Ushio-owned Christie to install 'world's first permanent' digital laser-projection installation in Seattle
Cypress, CA--Christie, a developer of digital cinema projectors, will supply and install what it calls the world’s first permanent commercial digital laser-projection installation at the Seattle Cinerama Theatre (Seattle, WA).
Cypress, CA--Christie, a developer of digital cinema projectors, will supply and install what it calls the world’s first permanent commercial digital laser-projection installation at the Seattle Cinerama Theatre (Seattle, WA). The purchase order is for a 4K projector with light output scalable up to 60,000 lm. Christie, which is owned by illumination specialist Ushio (Tokyo, Japan), recently received the first US FDA approval of variance allowing the sale of laser projectors for use in a cinema.
Site scoping and technical evaluations will begin now (August, 2013), with an anticipated switchover from conventional digital projection to the digital-cinema laser projector planned for early next year.
In 2012 Christie demoed a 72,000 lm prototype laser projector in Beijing, China, as well as a 4K prototype in Amsterdam, The Netherlands. For two weeks beginning March 28, 2013, Christie joined forces with AMC and Paramount Pictures to project "G.I. Joe Retaliation" in what Christie called the first commercial exhibition of a 3D movie at brightness levels of 14 foot-lamberts (ft-L) using laser projection. Christie wants to introduce a range of laser projectors for digital cinema, pro audio-visual (AV), and visualization and simulation markets, starting in 2013.

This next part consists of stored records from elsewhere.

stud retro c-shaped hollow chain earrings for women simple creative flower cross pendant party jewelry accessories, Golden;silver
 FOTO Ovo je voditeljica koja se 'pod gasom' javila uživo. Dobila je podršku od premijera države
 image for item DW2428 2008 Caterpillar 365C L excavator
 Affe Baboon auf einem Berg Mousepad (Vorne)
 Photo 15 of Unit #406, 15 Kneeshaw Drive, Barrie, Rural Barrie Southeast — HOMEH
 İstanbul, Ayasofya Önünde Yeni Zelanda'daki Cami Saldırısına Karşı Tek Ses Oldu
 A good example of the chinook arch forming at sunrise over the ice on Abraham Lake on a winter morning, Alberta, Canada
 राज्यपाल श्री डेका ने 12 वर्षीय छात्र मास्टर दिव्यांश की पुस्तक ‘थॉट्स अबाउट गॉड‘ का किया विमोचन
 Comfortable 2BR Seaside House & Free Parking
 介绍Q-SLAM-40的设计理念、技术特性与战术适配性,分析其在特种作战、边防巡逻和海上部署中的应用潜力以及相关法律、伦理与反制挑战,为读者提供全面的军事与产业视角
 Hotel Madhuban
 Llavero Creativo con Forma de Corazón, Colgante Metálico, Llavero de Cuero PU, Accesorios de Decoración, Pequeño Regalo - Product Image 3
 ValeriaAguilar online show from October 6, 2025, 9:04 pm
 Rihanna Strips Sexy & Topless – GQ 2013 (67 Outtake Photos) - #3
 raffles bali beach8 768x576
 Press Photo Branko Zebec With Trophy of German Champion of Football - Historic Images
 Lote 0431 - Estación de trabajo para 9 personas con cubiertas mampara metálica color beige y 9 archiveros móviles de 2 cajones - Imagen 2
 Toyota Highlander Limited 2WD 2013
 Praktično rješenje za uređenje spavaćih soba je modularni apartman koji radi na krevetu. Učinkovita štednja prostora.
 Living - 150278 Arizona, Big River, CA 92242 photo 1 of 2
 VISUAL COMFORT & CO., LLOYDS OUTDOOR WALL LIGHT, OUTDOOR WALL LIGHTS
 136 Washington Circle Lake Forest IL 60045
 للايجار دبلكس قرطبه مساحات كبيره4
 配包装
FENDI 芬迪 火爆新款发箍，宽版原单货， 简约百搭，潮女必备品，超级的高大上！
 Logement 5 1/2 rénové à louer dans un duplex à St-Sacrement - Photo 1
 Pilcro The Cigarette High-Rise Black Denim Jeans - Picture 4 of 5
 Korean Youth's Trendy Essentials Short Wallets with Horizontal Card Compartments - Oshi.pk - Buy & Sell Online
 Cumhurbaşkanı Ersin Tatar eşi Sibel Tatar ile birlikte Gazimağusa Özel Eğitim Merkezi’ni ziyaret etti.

Christie's competitors include Eastman Kodak (Rochester, NY), which has formed a strategic alliance with Barco (Brussels, Belgium) to combine and sell the two companies' digital-cinema technologies, and which has licensed its laser-projection technology to IMAX; and Laser Light Engines (Salem, NH), which has developed an ultrabright universal red-green-blue (RGB) laser-illumination system that includes a speckle-free green laser.
In the mid-1990s Paul Allen, who cofounded Microsoft with Bill Gates, bought Seattle's historic Cinerama Theatre to keep it from devolving into a rock-climbing club, dinner theater, or worse (a parking lot). Paul Allen's investment company, Vulcan, renovated the theater, refurbishing the interior and exterior and installing state-of-the-art sound and projector systems. The theater has been open since April 22, 1999.